=== Work instruction ===
Transcribe the line holding "-剧狐剧本杀(徐汇1号店)" together with every line after it, through the end of the records, exactly and with no pictures.

(Short text fragments from websites)
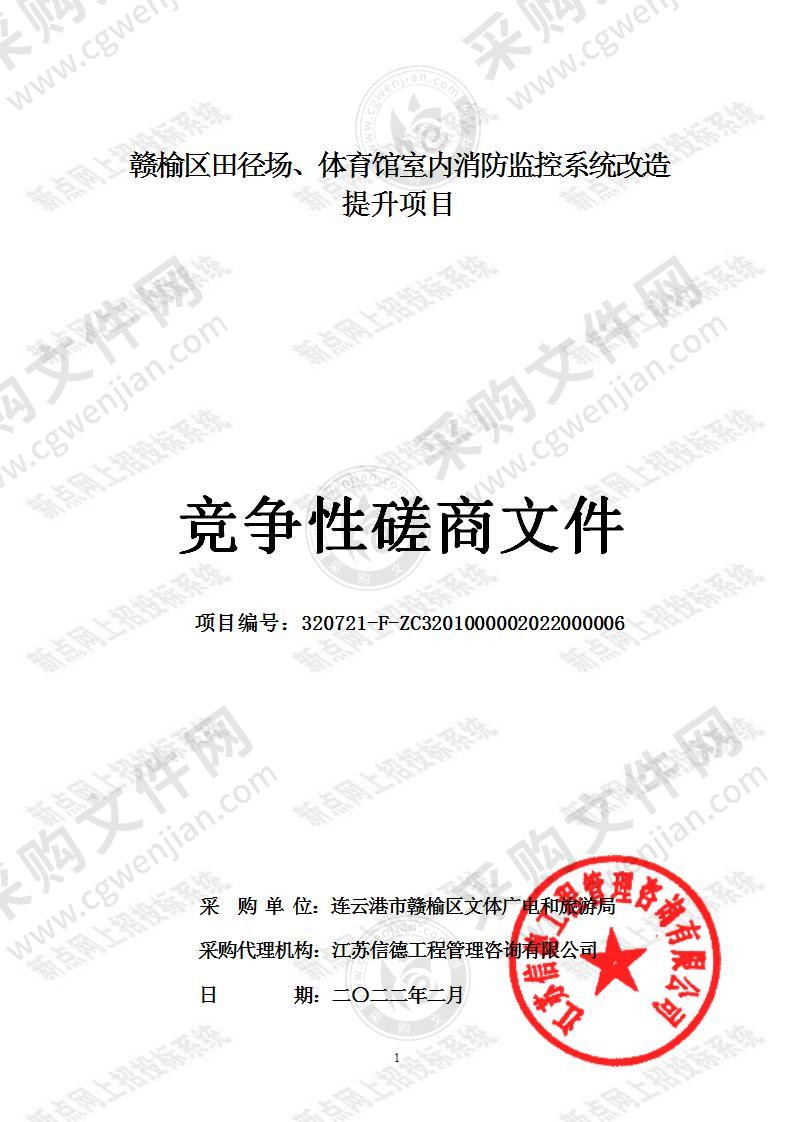 赣榆区田径场、体育馆室内消防监控系统改造提升项目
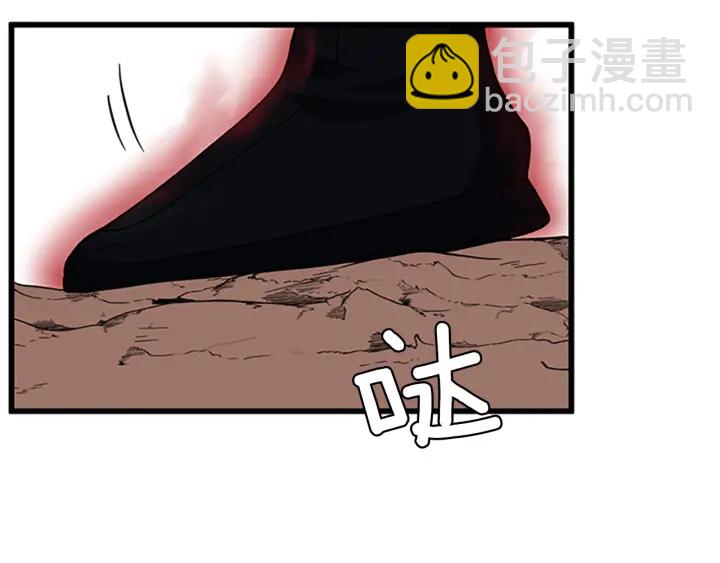 三歲開始做王者 - 第4季第102話 青春的荷爾蒙(4/5) - 1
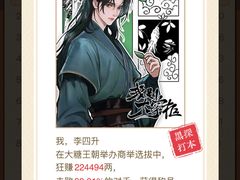 -剧狐剧本杀(徐汇1号店)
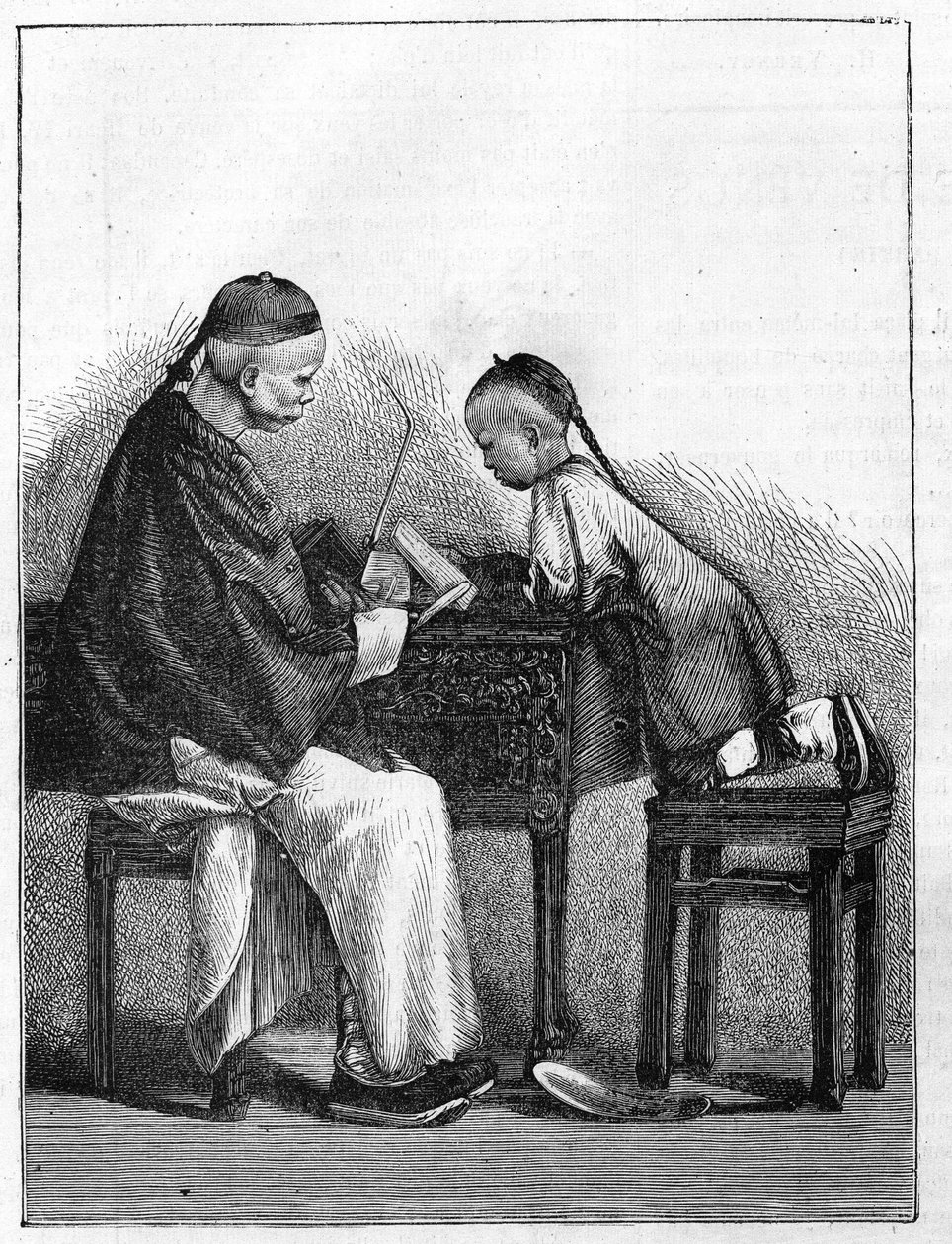 Livet i Kina på 1800-talet: En föreläsning av Unknown artist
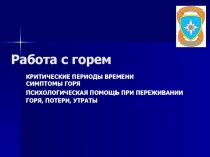 Работа с горем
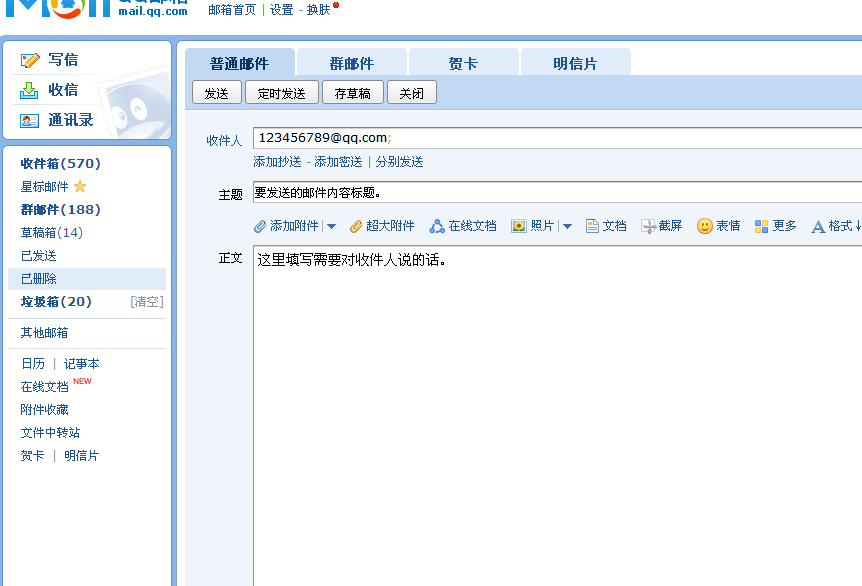 qq邮箱-邮箱登录入口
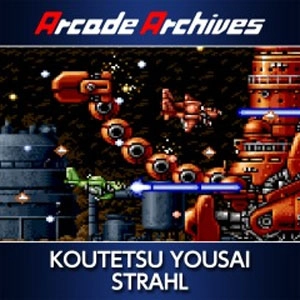 Arcade Archives KOUTETSU YOUSAI STRAHL Playstation 4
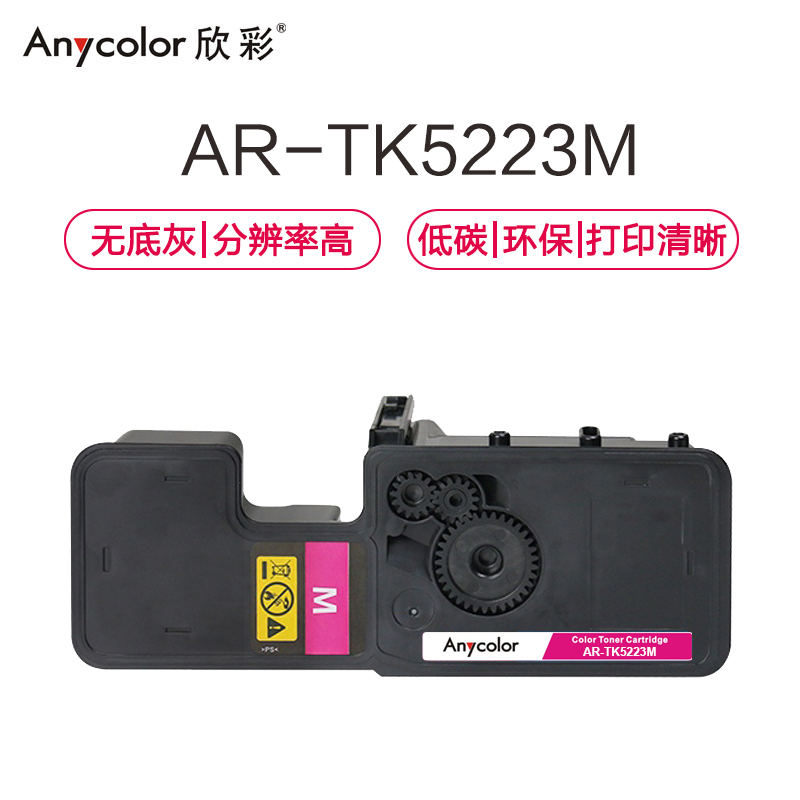 欣彩 TK-5223墨粉盒 专业版 AR-TK5223M红色 适用京瓷KYOCERA P5021cdn P5021cdw高清大图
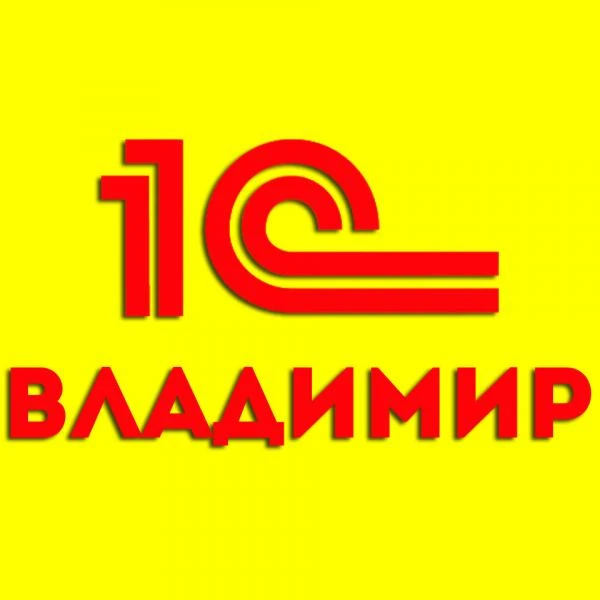 Фото Программист 1С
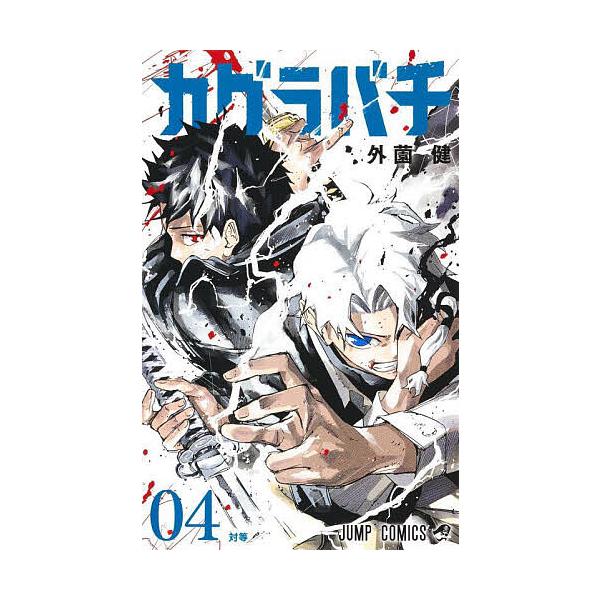 著:外薗健出版社:集英社発売日:2024年10月シリーズ名等:ジャンプコミックス巻数:4巻キーワード:カグラバチ０４外薗健 漫画 マンガ まんが かぐらばち４ カグラバチ４ ほかぞの たける ホカゾノ タケル BF56642E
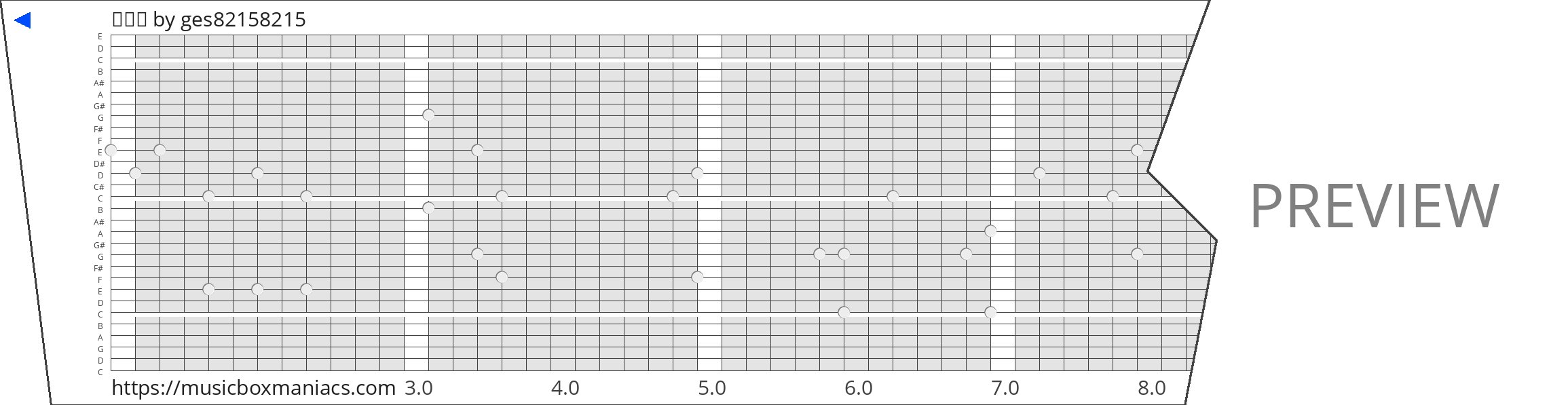 밤양갱 30 note music box paper strip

=== Output for this task ===
 -剧狐剧本杀(徐汇1号店)
 Livet i Kina på 1800-talet: En föreläsning av Unknown artist
 Работа с горем
 qq邮箱-邮箱登录入口
 Arcade Archives KOUTETSU YOUSAI STRAHL Playstation 4
 欣彩 TK-5223墨粉盒 专业版 AR-TK5223M红色 适用京瓷KYOCERA P5021cdn P5021cdw高清大图
 Фото Программист 1С
 著:外薗健出版社:集英社発売日:2024年10月シリーズ名等:ジャンプコミックス巻数:4巻キーワード:カグラバチ０４外薗健 漫画 マンガ まんが かぐらばち４ カグラバチ４ ほかぞの たける ホカゾノ タケル BF56642E
 밤양갱 30 note music box paper strip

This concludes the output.